Salesforce’s research finds 95% of customers say they are more likely to be loyal to a company they trust. 

McKinsey insights found that, on average, brands that improve CX: increase revenue 10-15% and lower costs 15-20%.

 

“If you build a great CX (customer experience) customers tell each other about it. Word of mouth is very powerful.” – Jeff Bezos, Amazon

 

“For transaction companies, clients who had the best experiences were shown to spend 140% more than those who were shown to have the poorest experience. For companies based around subscription services, it was shown that members who rated their experience at the lowest score possible only had a 43% chance of still being a member one year later. In contrast, those who scored their experiences at the highest ratings had a 74% chance of still being a member in a year.” – Harvard Business Review

A Walker study found that by the year 2020, customer experience will overtake price and product as the key brand differentiator.

Accenture found that 89% of customers get frustrated because they need to repeat their issues to multiple representatives. Moreover, 87% of customers think brands need to put more effort into providing a consistent experience.

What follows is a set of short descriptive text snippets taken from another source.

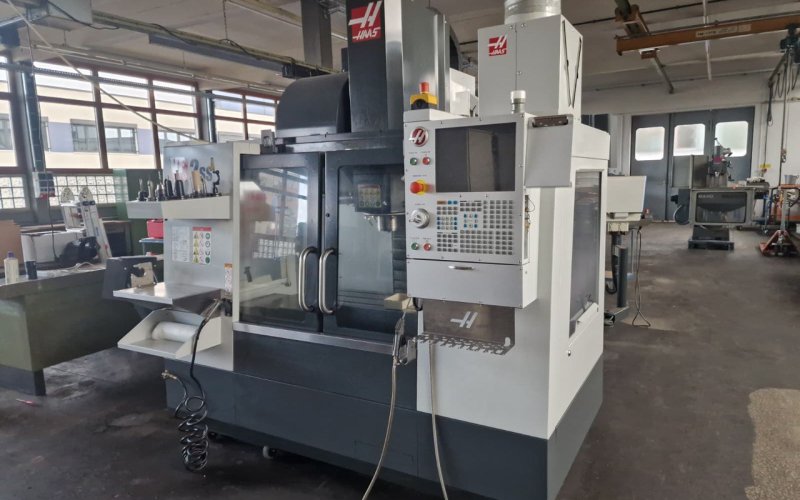 Вертикальный обрабатывающий центр с ЧПУ HAAS VF-2SS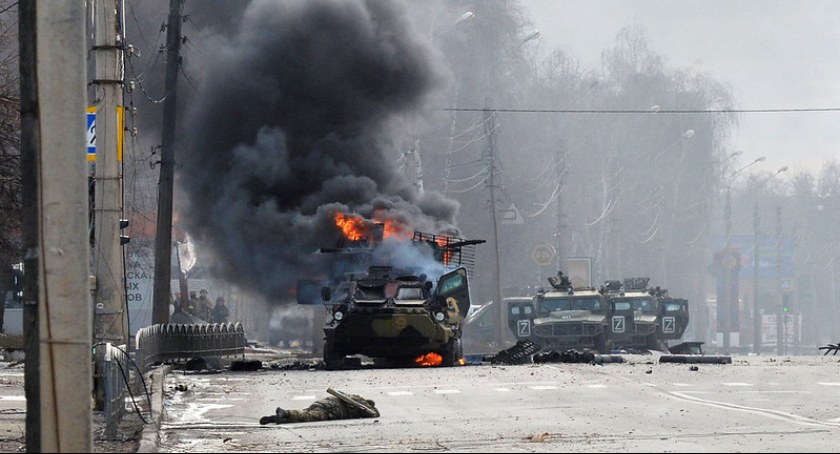 Zdjęcie rozwalonego sprzętu rosyjskiego na Ukrainie/ Flickr.com manhhai
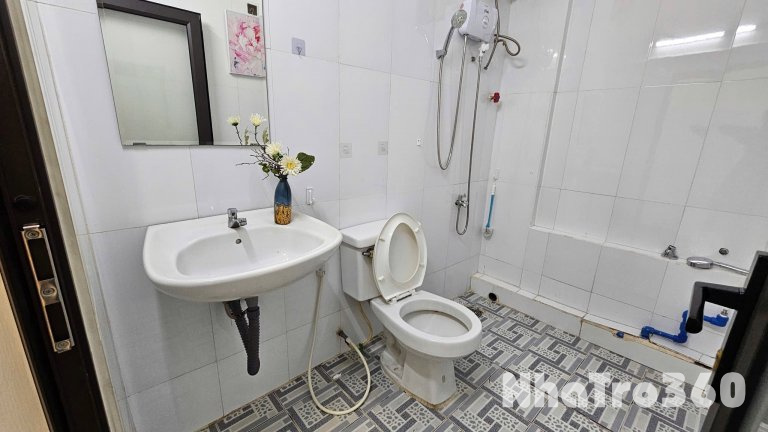 Cho thuê căn hộ 1 Phòng ngủ Cửa sổ Quận 1 gần cầu Ông Lãnh, cầu Calmette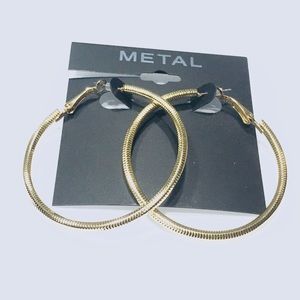 New Women’s gold hoop earrings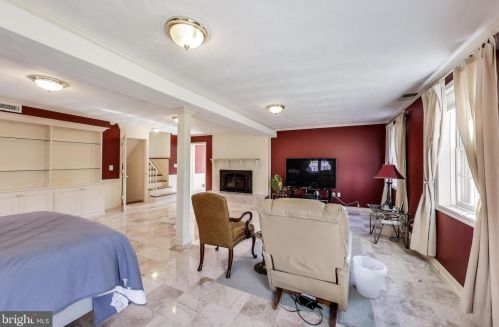 1101 Morningside Ln, Alexandria VA 22308-1042 exterior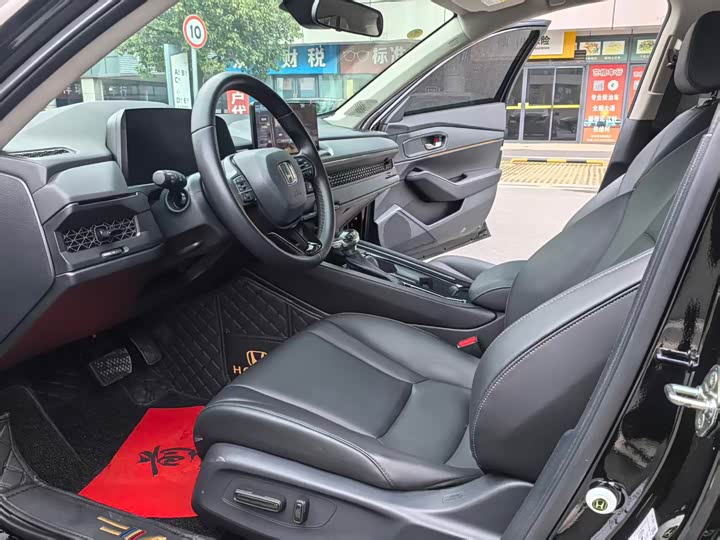 Фото 4 - Honda Accord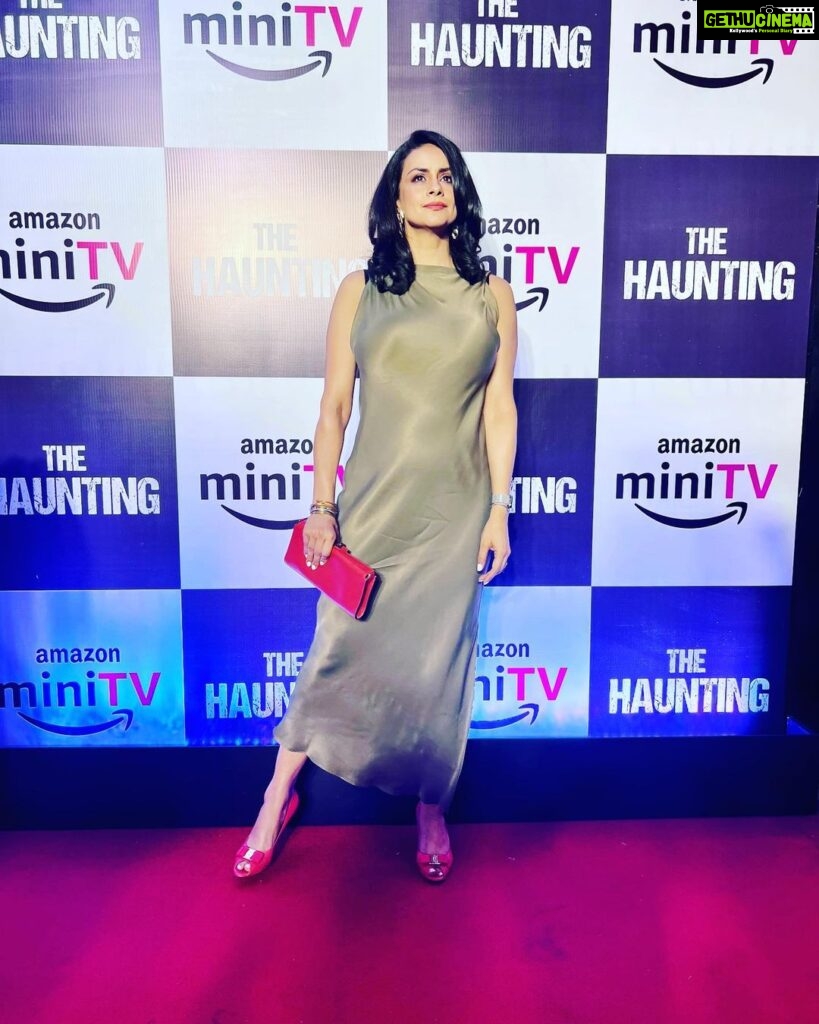 Gul Panag Instagram - You know when you can’t sit through the screening of your first horror film, (because you’re too scared,) and sneak out to pose for pictures instead? THAT. @tansworld and @amazonminitv thank you for making me part of The Haunting. This film has truly raised the bar for the horror genre in India. The special effects, visual effects and sound effects are amazing. I had trouble watching the film, even when I was dubbing , as I mentioned in an earlier post. When Tanveer insisted, I watch the film with him on the sound engineer’s console, (on his computer screen) without any special effects, I was already terrified and dying. And now it is something else.!! 😨😨😨😨😨 @iam_ejf and @prakrutimishra you girls are incredible ! Swipe to last photo to see where on the Amazon shopping app, you can find our film. Thank you @vibhutichamria for making me picture worthy! . . . . . . Styled by @vibhutichamria Assisted by @devanship30 Jewellery by @anaqajewels Make up by @deepak_pawar03 Hair by @asiya.ansari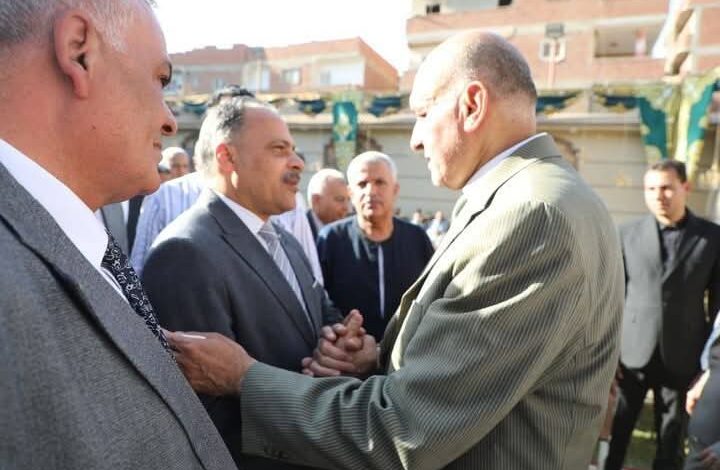 محافظ الشرقية يُؤدي واجب العزاء في وفاة والدة رئيس الإستئناف بمحكمة المنصورة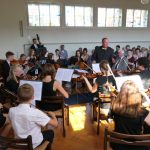 Jugendorchester während eines Konzertes mit Dirigent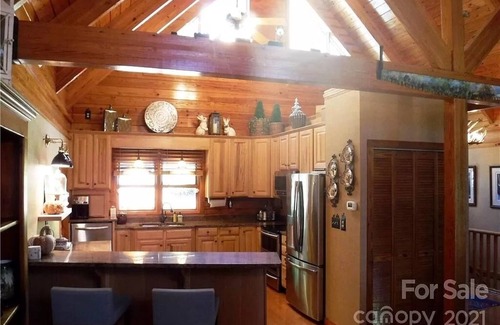 Mill Spring Cabina | Log Cabin Hidden on Lake Adger near Lake Lure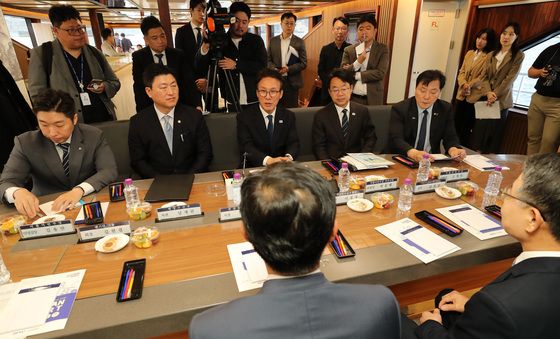 김민석 대표, 북극항로 거점 항만 육성 위한 간담회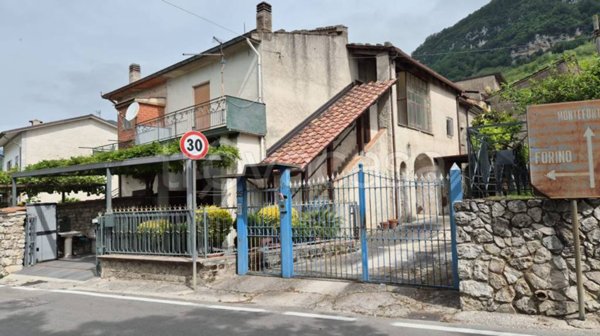 appartamento in vendita a Forino in zona Petruro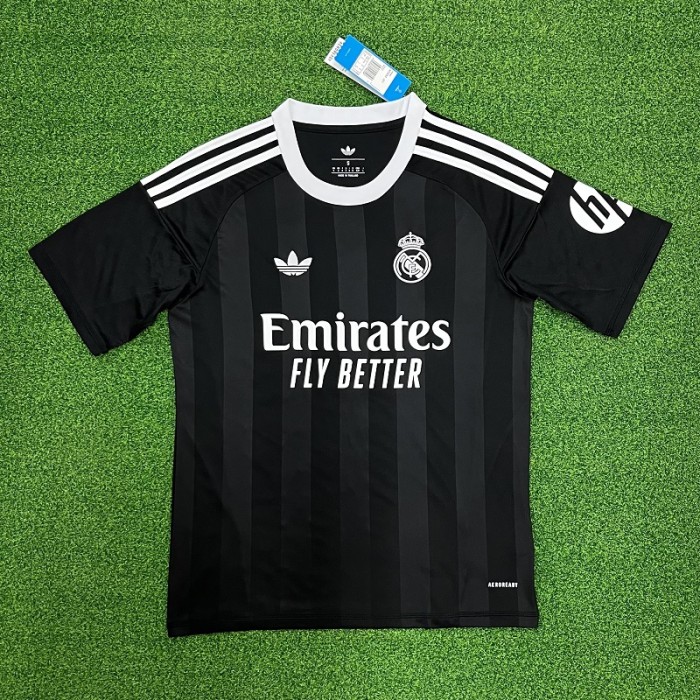25/26 Real Madrid goalkeeper black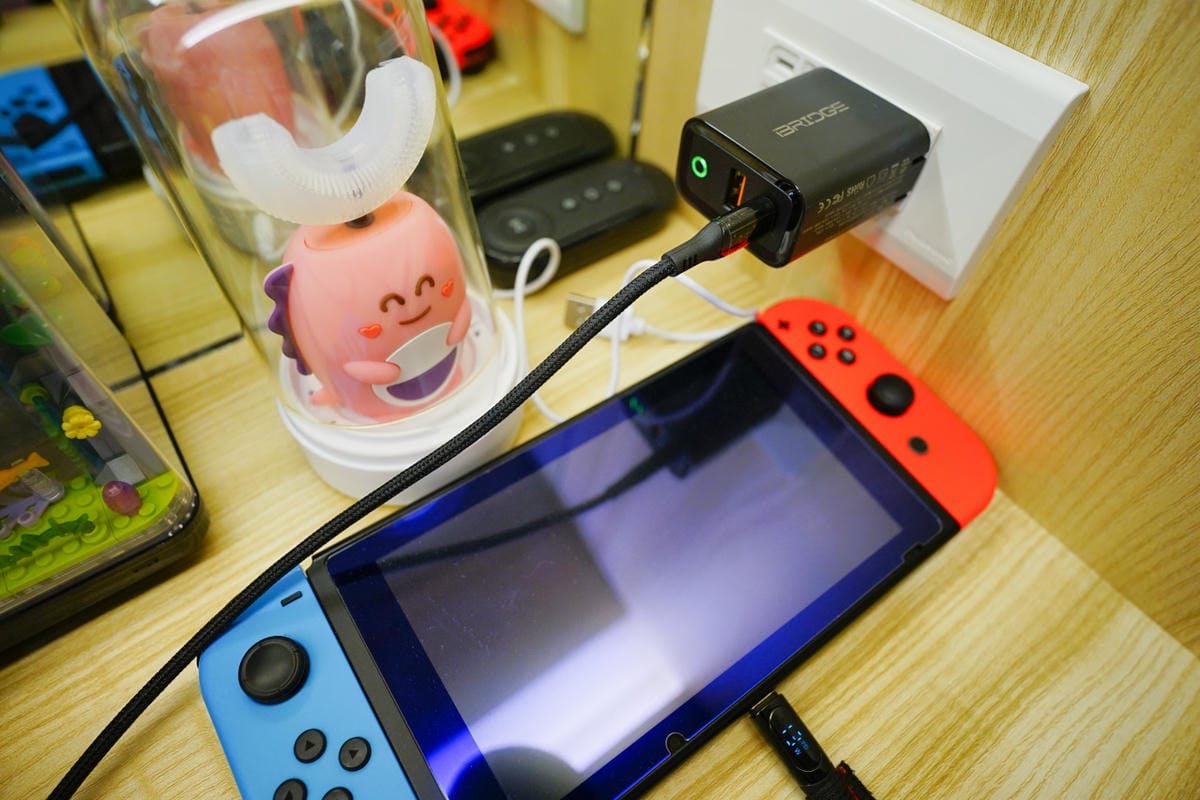 3C開箱|iBRIDGE雙孔超快充、MOZTECH行動電源 ITAI ITAI_痛經女子 最強日韓選物商品社團推薦!美妝保養品、親子育兒好物通通有~ - 第9張圖 3C開箱|iBRIDGE雙孔超快充、MOZTECH行動電源 ITAI ITAI_痛經女子 最強日韓選物商品社團推薦!美妝保養品、親子育兒好物通通有~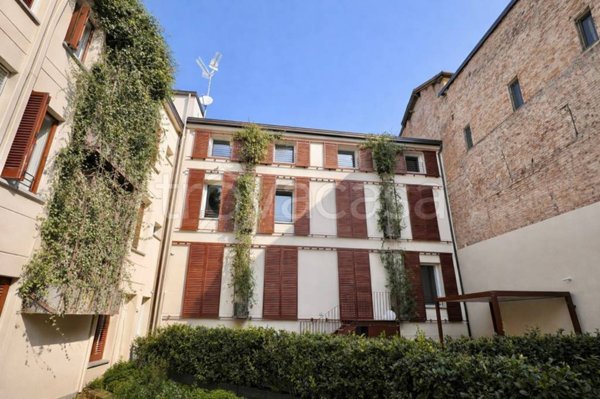 appartamento in vendita a Reggio nell'Emilia in zona Città Storica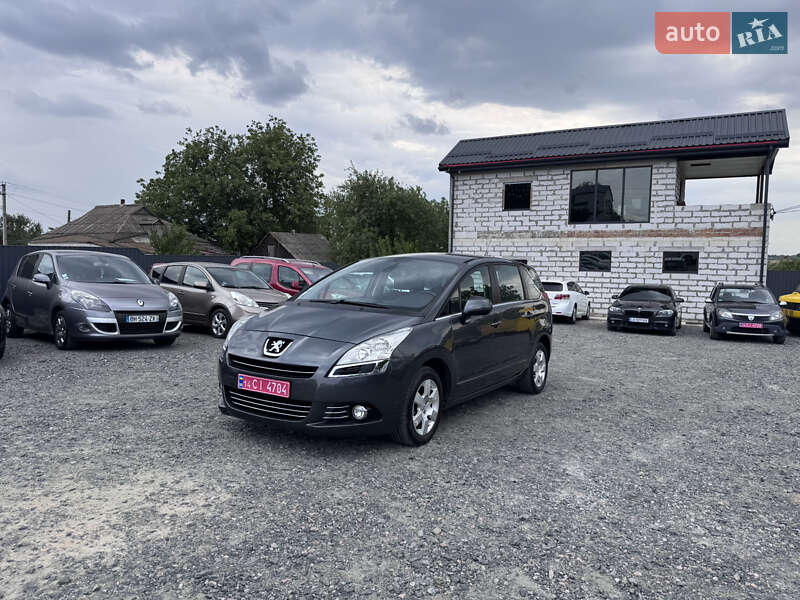 Peugeot 5008 2012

According to Esteban Kolsky, if a customer is not satisfied, 13% of them will tell that experience with 15 or even more people and share that they are unhappy. On the other hand, 72% of customers will share a positive experience with 6 or more people.

The top three reasons to invest in good customer experience management: it improves customer retention, improves customer satisfaction and it increases cross-selling and up-selling.

 

“You’ve got to start with the customer experience and work toward the technology, not the other way around.” – Steve Jobs, Apple

 

64% of people believe that customer experience is more important than price when making a purchase. – Gartner, Inc.

65% of buyers find a positive experience with a brand to be more influential than great advertising.

Aberdeen Group claims that companies with the strongest omni-channel customer engagement strategies retain an average of 89% of their customers, as compared to 33% for companies with weak omni-channel strategies.

PricewaterhouseCoopers, the demand for an omni-channel customer experience will be amplified by the need for near perfect execution, and the number of companies that invest in omni-channel has  jumped from 20% to more than 80%. They also found that of 15,000 consumers, 1 in 3 customers will leave a brand they love after just one bad experience.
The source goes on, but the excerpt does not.